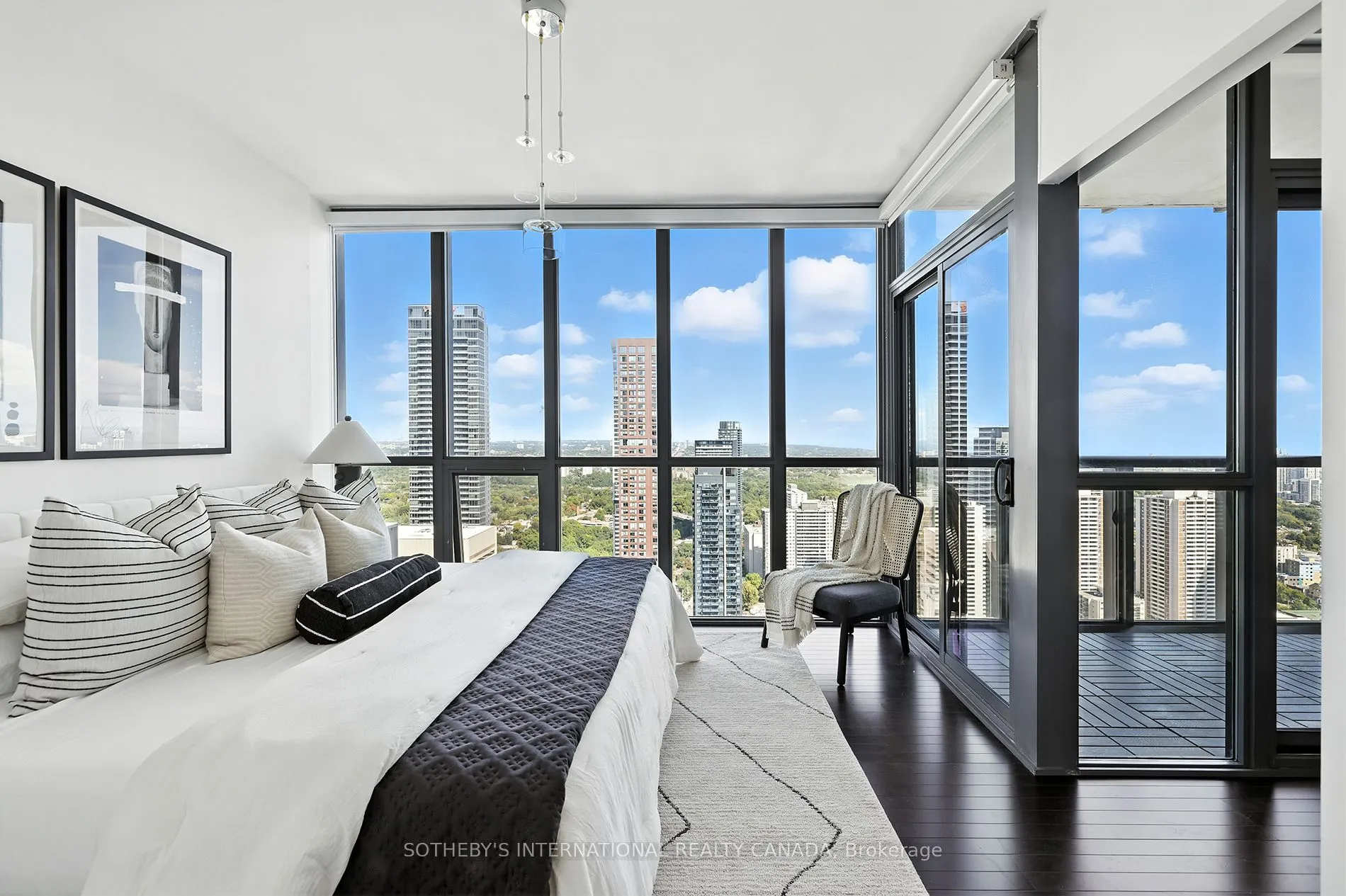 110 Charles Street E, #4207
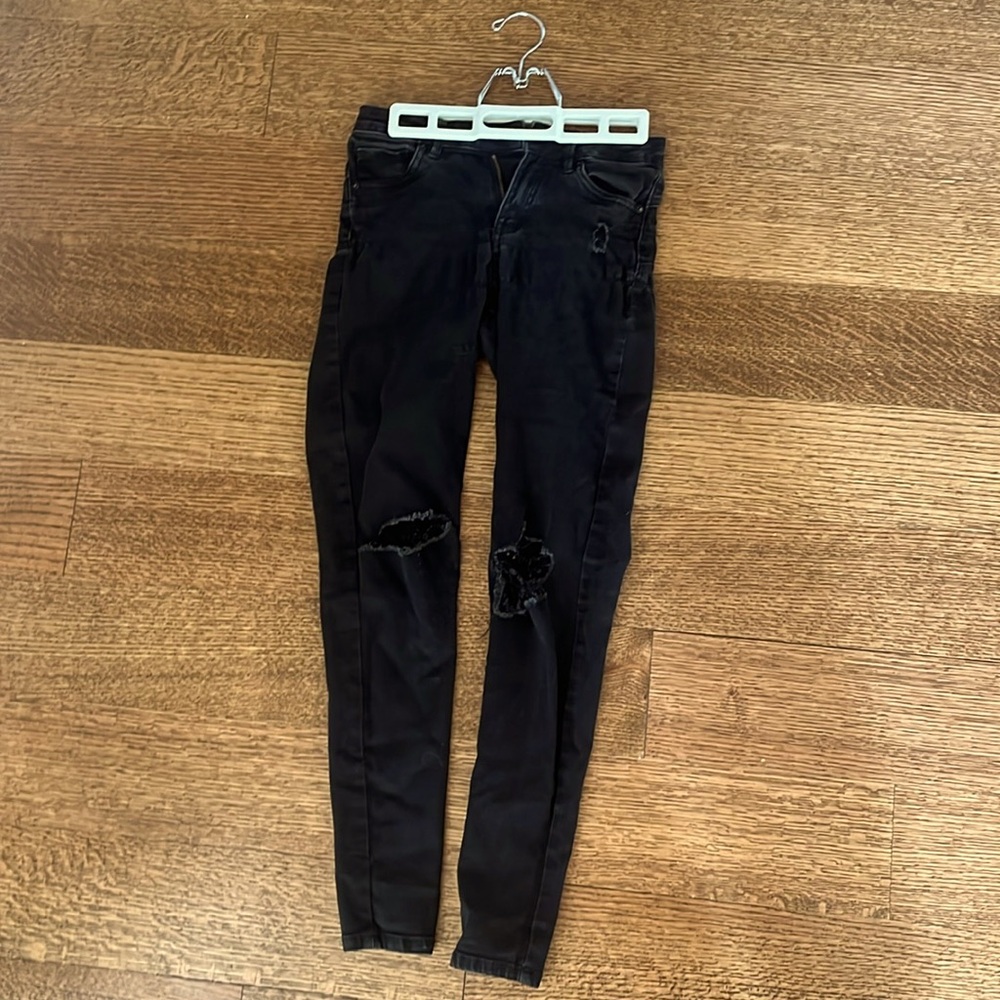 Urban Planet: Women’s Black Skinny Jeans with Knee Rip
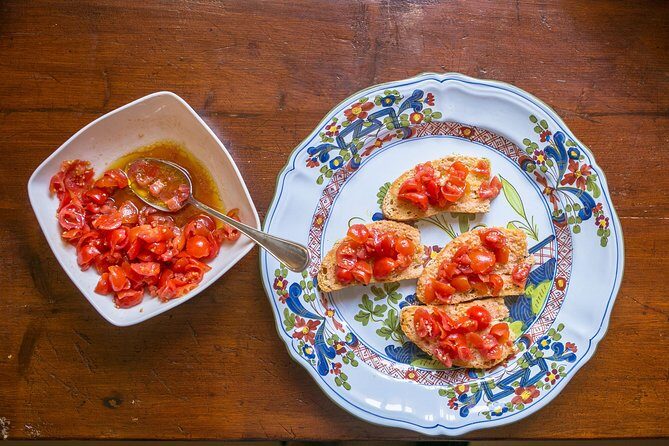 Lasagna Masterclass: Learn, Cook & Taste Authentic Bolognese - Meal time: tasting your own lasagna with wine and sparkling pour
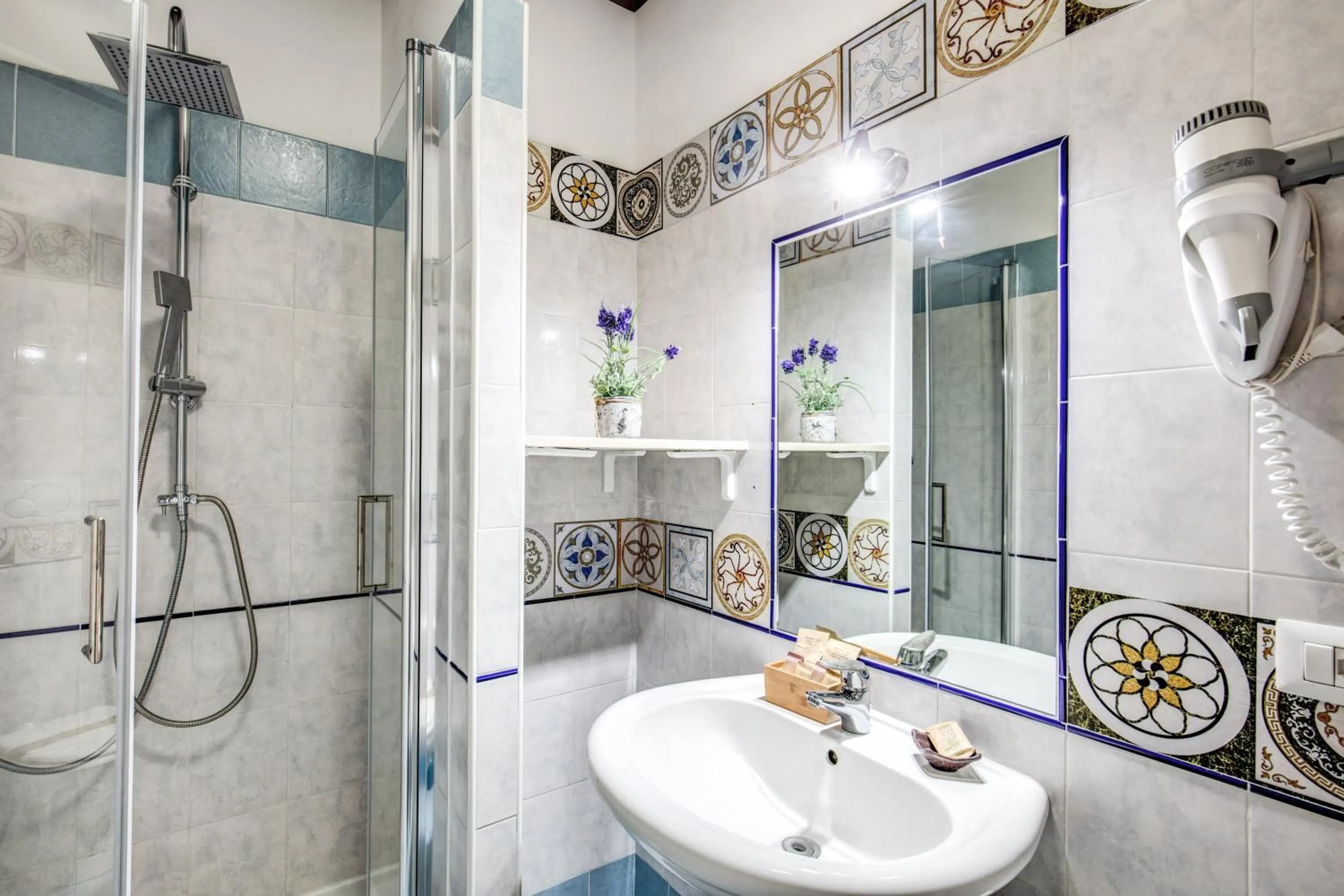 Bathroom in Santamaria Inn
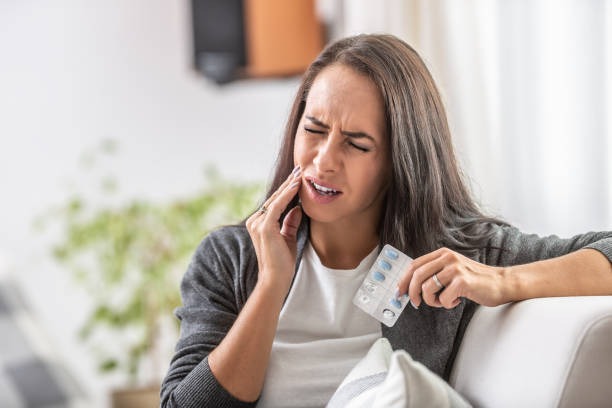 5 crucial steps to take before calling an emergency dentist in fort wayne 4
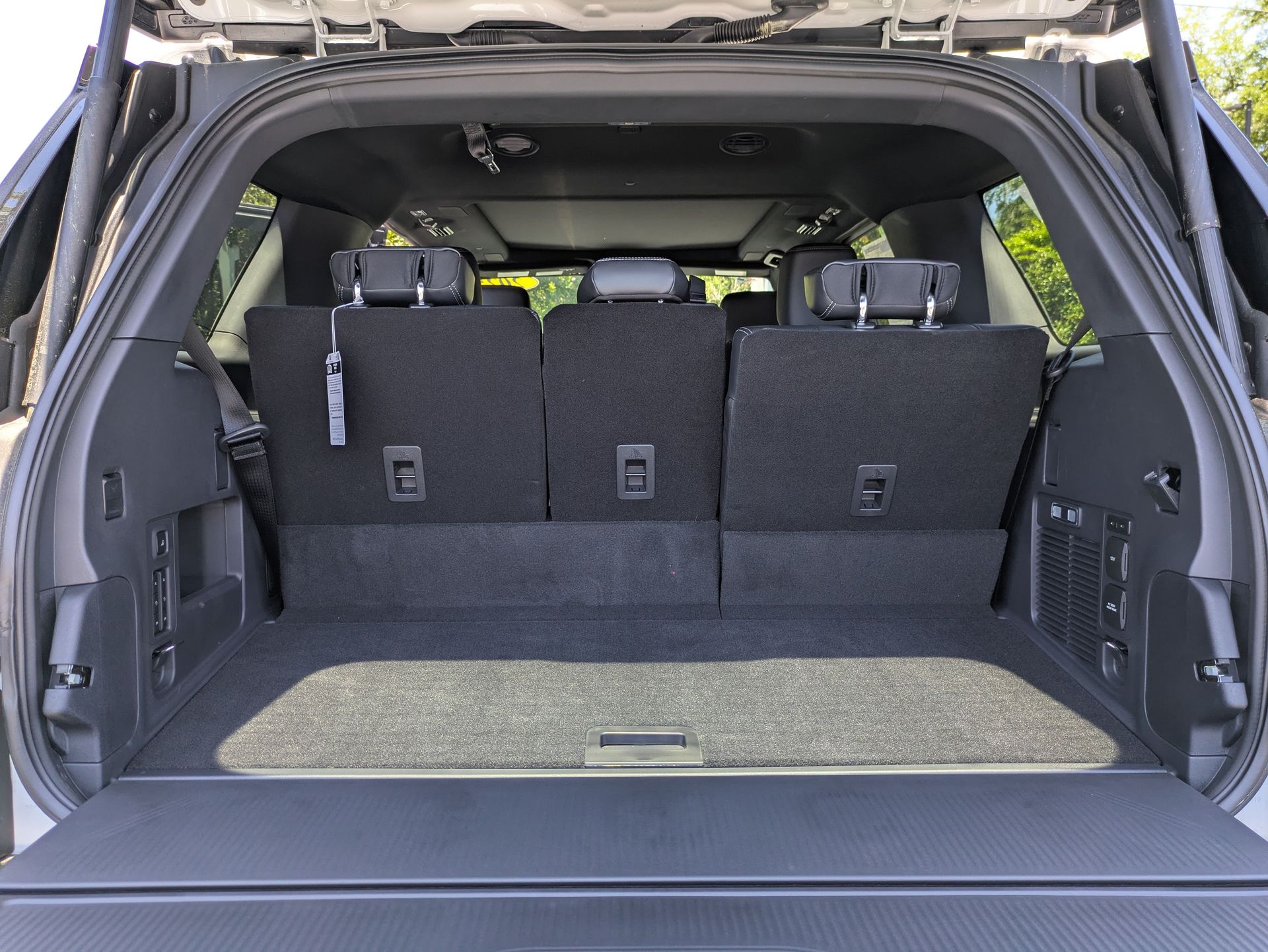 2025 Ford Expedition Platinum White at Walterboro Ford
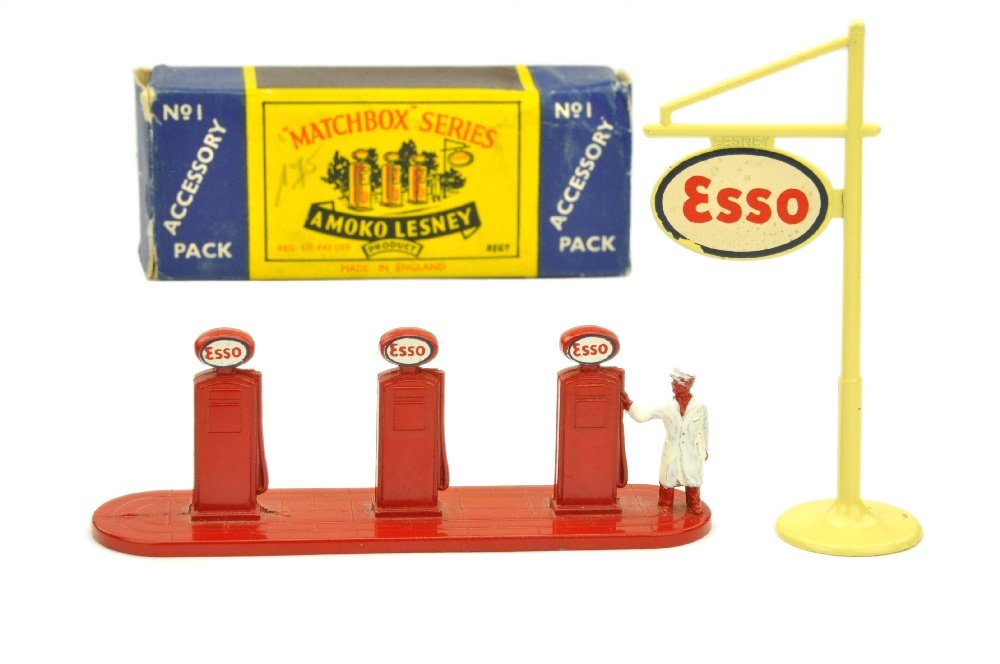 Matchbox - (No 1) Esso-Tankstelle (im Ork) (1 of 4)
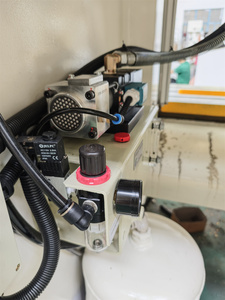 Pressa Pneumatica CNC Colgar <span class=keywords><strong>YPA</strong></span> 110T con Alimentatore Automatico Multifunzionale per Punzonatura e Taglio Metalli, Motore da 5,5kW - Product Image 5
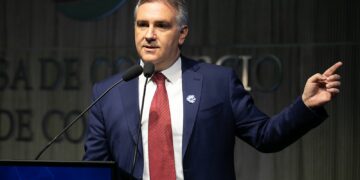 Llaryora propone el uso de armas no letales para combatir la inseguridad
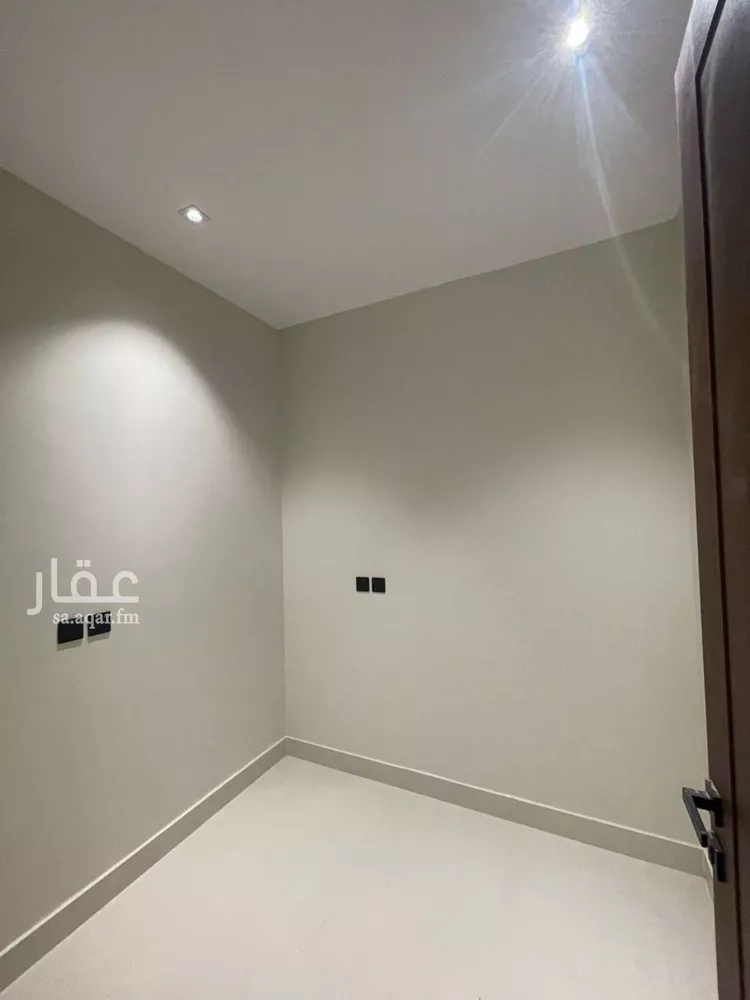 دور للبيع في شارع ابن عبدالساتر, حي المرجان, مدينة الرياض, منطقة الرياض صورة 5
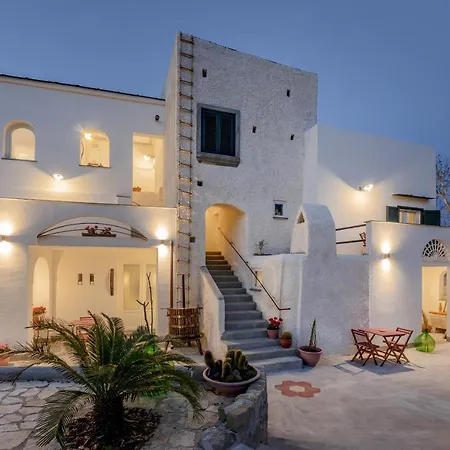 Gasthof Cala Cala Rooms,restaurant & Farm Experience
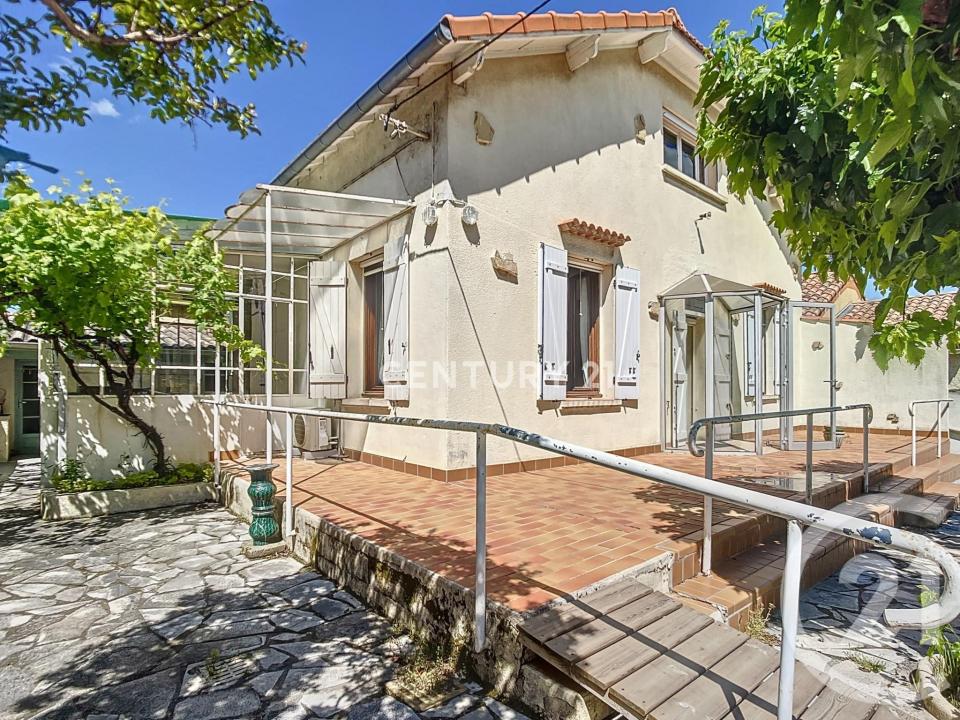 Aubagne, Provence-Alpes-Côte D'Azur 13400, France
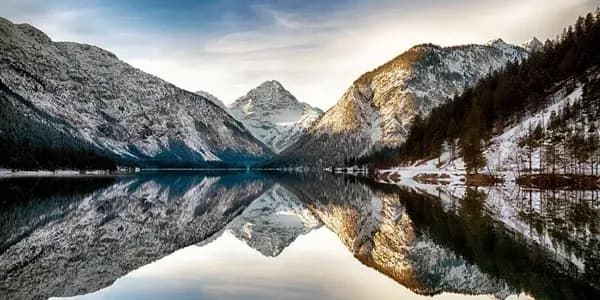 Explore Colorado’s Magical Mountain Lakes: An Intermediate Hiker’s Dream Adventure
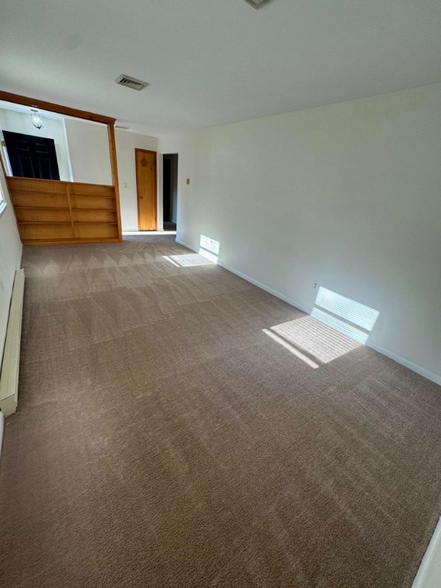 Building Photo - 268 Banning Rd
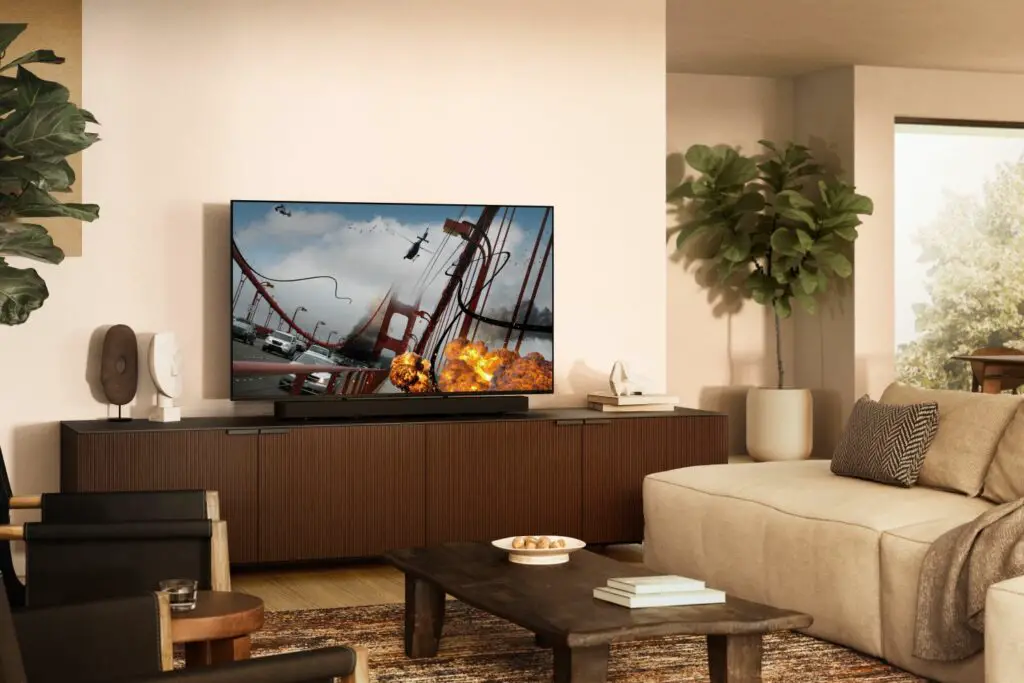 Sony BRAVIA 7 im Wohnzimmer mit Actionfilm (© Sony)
◇ ◇ ◇
To do: Leave every image out, and retype the material exactly.

Result below:
 110 Charles Street E, #4207
 Urban Planet: Women’s Black Skinny Jeans with Knee Rip
 Lasagna Masterclass: Learn, Cook & Taste Authentic Bolognese - Meal time: tasting your own lasagna with wine and sparkling pour
 Bathroom in Santamaria Inn
 5 crucial steps to take before calling an emergency dentist in fort wayne 4
 2025 Ford Expedition Platinum White at Walterboro Ford
 Matchbox - (No 1) Esso-Tankstelle (im Ork) (1 of 4)
 Pressa Pneumatica CNC Colgar <span class=keywords><strong>YPA</strong></span> 110T con Alimentatore Automatico Multifunzionale per Punzonatura e Taglio Metalli, Motore da 5,5kW - Product Image 5
 Llaryora propone el uso de armas no letales para combatir la inseguridad
 دور للبيع في شارع ابن عبدالساتر, حي المرجان, مدينة الرياض, منطقة الرياض صورة 5
 Gasthof Cala Cala Rooms,restaurant & Farm Experience
 Aubagne, Provence-Alpes-Côte D'Azur 13400, France
 Explore Colorado’s Magical Mountain Lakes: An Intermediate Hiker’s Dream Adventure
 Building Photo - 268 Banning Rd
 Sony BRAVIA 7 im Wohnzimmer mit Actionfilm (© Sony)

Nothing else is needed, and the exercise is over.